Prozess in Salzburg: Bande soll 43 Frauen aus Kolumbien ausgebeutet haben
Am Landesgericht Salzburg hat ein aufsehenerregender Prozess begonnen: Sieben Angeklagte sollen Dutzende Frauen aus Kolumbien mit falschen Versprechungen nach Österreich gelockt und zur Prostitution gezwungen haben. Fünf von ihnen zeigten sich teilweise geständig – der mutmaßliche Kopf der Bande ist flüchtig.
Am Landesgericht Salzburg hat der Prozess gegen eine mutmaßliche Menschenhändler-Bande begonnen.APA/VERA REITER
Sie lockten ihre Opfer mit der Aussicht auf legale Prostitution und schnelles Geld – doch dahinter steckte laut Anklage ein skrupelloses Netzwerk aus Ausbeutung, Gewalt und Drohungen. Seit Montag müssen sich sieben Angeklagte vor dem Landesgericht Salzburg verantworten. Ihnen wird grenzüberschreitender Menschenhandel, Zuhälterei, Nötigung und Mitgliedschaft in einer kriminellen Vereinigung vorgeworfen.

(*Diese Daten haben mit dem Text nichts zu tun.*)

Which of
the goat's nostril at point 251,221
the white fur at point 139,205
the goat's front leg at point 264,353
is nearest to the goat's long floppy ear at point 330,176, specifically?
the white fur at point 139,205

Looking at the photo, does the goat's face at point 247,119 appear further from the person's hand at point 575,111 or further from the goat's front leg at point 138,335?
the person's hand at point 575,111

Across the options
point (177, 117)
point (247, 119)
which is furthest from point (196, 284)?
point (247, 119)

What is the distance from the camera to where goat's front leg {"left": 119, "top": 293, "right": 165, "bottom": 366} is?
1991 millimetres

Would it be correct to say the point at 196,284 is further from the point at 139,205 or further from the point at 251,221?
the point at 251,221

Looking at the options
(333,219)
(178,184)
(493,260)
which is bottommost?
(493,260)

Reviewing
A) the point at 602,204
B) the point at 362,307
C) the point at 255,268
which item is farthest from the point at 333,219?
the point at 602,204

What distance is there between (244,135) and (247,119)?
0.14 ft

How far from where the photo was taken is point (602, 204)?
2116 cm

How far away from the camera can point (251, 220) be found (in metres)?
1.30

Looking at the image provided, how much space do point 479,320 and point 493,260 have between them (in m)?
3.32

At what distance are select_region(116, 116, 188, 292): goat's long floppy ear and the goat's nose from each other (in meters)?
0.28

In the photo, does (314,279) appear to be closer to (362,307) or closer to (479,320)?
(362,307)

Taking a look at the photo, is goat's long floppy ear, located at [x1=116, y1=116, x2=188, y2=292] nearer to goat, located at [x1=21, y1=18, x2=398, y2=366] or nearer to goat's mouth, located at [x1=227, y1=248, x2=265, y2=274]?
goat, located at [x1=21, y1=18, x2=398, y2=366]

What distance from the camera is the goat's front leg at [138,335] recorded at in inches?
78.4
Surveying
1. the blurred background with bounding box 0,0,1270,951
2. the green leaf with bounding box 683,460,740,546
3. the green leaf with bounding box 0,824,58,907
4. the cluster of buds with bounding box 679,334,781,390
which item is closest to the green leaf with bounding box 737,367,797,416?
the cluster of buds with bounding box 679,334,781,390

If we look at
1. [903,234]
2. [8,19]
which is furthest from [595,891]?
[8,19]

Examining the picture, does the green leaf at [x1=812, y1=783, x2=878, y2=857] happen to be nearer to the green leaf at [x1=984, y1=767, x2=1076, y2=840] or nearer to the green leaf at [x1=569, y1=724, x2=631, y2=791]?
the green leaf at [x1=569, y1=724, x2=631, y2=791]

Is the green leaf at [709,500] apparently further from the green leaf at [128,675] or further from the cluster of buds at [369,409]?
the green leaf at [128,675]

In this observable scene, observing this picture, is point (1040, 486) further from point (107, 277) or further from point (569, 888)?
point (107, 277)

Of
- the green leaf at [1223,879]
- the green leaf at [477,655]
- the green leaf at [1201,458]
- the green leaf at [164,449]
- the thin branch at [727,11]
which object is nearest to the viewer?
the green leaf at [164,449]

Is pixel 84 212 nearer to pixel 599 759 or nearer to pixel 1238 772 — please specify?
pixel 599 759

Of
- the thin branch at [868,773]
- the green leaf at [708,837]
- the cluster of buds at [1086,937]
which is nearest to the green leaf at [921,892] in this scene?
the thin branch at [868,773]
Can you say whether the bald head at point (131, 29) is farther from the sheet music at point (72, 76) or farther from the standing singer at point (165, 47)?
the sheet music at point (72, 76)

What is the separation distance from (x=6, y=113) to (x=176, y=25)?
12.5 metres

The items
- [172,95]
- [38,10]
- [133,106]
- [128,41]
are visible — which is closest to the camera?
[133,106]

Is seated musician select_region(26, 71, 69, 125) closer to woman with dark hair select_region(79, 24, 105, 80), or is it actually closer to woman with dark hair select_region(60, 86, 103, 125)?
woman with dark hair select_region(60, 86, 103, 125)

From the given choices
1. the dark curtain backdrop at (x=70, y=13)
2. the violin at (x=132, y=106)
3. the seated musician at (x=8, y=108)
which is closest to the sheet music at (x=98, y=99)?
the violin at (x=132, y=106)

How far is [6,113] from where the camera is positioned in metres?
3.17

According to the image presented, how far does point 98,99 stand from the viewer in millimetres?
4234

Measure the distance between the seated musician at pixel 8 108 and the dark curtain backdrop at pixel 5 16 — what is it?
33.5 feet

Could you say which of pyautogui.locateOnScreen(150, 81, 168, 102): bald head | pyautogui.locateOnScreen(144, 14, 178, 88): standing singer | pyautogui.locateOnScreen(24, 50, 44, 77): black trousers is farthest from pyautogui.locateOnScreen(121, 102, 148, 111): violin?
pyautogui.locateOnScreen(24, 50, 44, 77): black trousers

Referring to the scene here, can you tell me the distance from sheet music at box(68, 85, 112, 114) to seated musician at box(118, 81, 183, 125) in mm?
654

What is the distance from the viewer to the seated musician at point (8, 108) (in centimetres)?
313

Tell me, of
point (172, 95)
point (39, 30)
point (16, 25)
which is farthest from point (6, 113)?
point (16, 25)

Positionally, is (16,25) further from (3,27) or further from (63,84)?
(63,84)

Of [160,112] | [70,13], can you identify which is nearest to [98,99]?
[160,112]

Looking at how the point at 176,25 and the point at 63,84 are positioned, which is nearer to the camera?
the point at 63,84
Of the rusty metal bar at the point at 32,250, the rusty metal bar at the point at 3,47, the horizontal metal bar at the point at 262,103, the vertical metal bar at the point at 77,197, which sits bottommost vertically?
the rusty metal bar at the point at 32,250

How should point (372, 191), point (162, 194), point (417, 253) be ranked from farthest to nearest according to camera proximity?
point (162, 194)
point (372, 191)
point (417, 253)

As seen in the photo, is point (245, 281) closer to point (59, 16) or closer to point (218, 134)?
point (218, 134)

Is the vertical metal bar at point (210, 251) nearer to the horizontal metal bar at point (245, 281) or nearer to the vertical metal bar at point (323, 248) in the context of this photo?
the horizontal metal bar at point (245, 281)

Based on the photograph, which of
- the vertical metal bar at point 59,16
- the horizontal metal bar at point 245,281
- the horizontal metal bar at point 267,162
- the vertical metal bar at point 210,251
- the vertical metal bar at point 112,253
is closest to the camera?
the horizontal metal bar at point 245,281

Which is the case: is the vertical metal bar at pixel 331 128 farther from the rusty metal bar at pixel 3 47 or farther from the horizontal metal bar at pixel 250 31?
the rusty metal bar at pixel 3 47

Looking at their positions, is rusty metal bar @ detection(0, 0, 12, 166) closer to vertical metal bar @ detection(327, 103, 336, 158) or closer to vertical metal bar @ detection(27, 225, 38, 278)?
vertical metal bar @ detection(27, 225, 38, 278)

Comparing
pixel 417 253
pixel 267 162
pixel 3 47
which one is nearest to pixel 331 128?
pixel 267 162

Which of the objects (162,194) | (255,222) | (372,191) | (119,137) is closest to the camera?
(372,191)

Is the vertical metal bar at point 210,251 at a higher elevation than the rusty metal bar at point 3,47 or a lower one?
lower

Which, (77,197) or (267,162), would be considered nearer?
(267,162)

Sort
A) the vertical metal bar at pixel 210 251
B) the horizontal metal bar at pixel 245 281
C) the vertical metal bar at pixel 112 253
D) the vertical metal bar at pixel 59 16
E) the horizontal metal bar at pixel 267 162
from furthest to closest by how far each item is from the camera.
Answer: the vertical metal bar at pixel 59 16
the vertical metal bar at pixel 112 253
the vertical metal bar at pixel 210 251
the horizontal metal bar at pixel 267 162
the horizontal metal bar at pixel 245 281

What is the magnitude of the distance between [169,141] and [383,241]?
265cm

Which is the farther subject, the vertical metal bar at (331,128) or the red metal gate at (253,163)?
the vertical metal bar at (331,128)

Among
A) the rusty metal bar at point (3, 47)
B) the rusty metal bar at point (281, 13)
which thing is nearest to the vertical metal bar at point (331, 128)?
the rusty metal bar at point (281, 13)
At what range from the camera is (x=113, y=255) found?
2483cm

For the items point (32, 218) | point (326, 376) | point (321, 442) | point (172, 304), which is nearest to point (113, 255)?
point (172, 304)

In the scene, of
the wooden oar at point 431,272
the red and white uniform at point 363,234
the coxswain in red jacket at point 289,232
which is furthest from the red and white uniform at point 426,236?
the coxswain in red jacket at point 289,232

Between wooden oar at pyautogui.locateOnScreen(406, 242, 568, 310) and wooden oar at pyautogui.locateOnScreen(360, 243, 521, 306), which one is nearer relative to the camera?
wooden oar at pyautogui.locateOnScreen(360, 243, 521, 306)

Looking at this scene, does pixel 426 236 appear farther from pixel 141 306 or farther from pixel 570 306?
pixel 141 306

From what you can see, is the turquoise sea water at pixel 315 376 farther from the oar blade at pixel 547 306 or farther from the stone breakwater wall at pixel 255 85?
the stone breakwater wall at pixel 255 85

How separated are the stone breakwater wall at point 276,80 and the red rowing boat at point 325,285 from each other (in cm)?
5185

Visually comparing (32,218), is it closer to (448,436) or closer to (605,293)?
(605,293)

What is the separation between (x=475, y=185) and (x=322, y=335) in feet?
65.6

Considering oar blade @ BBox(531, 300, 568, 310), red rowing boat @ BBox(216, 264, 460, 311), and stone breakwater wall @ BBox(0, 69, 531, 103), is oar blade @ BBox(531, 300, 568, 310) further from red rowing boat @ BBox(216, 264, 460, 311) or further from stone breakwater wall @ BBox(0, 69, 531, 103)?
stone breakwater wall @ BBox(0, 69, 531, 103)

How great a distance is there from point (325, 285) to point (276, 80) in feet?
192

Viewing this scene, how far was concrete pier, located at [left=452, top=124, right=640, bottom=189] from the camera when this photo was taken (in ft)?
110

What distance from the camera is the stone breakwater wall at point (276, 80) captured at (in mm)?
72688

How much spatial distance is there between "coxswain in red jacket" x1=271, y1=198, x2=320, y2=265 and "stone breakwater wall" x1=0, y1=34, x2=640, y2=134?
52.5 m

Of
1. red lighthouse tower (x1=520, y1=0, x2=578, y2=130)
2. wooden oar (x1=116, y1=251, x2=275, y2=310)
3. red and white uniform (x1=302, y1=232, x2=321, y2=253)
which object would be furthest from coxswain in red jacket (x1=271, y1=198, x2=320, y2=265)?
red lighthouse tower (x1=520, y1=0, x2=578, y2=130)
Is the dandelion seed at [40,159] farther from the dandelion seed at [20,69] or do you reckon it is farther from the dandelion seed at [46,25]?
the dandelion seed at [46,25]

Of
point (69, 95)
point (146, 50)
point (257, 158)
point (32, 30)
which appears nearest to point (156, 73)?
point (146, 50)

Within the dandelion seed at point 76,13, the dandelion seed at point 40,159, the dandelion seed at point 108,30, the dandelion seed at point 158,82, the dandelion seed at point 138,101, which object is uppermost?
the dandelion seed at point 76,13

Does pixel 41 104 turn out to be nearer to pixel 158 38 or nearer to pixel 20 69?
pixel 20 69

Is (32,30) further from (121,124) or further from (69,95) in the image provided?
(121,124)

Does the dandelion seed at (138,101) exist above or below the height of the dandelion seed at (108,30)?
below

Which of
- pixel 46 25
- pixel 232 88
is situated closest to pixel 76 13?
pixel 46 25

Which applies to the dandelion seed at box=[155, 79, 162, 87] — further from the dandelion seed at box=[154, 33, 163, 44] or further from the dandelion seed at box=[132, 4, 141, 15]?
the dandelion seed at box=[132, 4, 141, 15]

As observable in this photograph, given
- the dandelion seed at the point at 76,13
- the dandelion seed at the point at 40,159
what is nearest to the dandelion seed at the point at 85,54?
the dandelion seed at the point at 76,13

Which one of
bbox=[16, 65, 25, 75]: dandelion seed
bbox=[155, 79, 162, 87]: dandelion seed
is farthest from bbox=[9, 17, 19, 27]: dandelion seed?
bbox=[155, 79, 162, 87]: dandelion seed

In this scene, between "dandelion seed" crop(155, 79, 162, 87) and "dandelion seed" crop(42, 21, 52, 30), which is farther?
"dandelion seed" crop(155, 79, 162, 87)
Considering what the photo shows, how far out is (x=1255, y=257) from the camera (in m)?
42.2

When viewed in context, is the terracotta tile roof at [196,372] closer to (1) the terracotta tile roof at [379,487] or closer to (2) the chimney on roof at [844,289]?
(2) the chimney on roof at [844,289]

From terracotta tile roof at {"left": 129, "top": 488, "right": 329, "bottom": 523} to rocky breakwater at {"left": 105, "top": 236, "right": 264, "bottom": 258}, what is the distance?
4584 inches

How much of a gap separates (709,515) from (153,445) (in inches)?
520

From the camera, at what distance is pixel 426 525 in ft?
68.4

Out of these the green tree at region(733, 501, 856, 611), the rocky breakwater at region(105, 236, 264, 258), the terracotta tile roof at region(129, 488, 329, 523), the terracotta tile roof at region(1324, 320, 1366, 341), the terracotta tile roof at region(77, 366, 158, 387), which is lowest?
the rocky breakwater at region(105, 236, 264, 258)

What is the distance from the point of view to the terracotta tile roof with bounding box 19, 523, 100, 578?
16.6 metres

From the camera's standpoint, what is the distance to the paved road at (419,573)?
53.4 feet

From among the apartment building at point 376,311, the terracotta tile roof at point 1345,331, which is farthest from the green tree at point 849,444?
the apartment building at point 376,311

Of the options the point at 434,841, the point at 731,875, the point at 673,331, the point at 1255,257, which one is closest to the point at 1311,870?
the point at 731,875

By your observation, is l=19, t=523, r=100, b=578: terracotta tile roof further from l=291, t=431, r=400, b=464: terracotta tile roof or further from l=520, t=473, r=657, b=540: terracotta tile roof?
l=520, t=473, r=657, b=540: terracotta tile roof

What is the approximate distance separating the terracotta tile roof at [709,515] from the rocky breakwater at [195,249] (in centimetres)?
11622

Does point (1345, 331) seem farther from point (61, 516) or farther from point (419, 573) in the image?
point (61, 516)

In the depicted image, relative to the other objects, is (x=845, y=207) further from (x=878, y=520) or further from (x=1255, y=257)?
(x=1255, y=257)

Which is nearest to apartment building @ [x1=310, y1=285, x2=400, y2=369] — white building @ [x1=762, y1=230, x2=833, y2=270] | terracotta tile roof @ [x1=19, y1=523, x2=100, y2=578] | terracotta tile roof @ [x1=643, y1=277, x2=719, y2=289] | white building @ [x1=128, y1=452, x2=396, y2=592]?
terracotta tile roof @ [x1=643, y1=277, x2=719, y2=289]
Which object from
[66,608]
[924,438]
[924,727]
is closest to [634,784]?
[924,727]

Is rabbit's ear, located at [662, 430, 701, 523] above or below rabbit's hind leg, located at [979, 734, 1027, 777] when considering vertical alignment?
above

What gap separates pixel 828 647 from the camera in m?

43 Frauen mit falschen Versprechungen nach Österreich gelockt
Laut der 71-seitigen Anklageschrift soll die internationale Bande zwischen Mai 2021 und August 2024 mindestens 43 Frauen aus Kolumbien über soziale Medien und Kontaktpersonen rekrutiert haben. In Werbevideos sei ihnen versprochen worden, in Österreich legal als Prostituierte arbeiten und „viel Geld verdienen“ zu können – sie müssten nur Flug- und Unterkunftskosten übernehmen.
In Wahrheit seien die Frauen, viele aus ärmlichen Verhältnissen, illegal beschäftigt, massiv ausgebeutet, eingeschüchtert und teils auch misshandelt worden. Den Ermittlern berichteten sie, sie hätten den Großteil ihres Verdienstes abgeben müssen.
Bandenchef auf der Flucht – Lebensgefährtin vor Gericht
Die mutmaßliche Anführerin, eine 31-jährige Rumänin, soll laut Staatsanwaltschaft die rechte Hand des Bandenchefs gewesen sein, mit dem sie ein Kind hat. Der Mann – ein österreichisch-türkischer Staatsbürger – ist derzeit flüchtig.
Die Frau führte ein Laufhaus in der Schweiz und hatte in Österreich einen Wohnsitz gemeldet. Sie soll Flüge für die Frauen organisiert, die Freier vermittelt und in Drohvideos als Übersetzerin fungiert haben, in denen den Opfern Gewalt angedroht wurde.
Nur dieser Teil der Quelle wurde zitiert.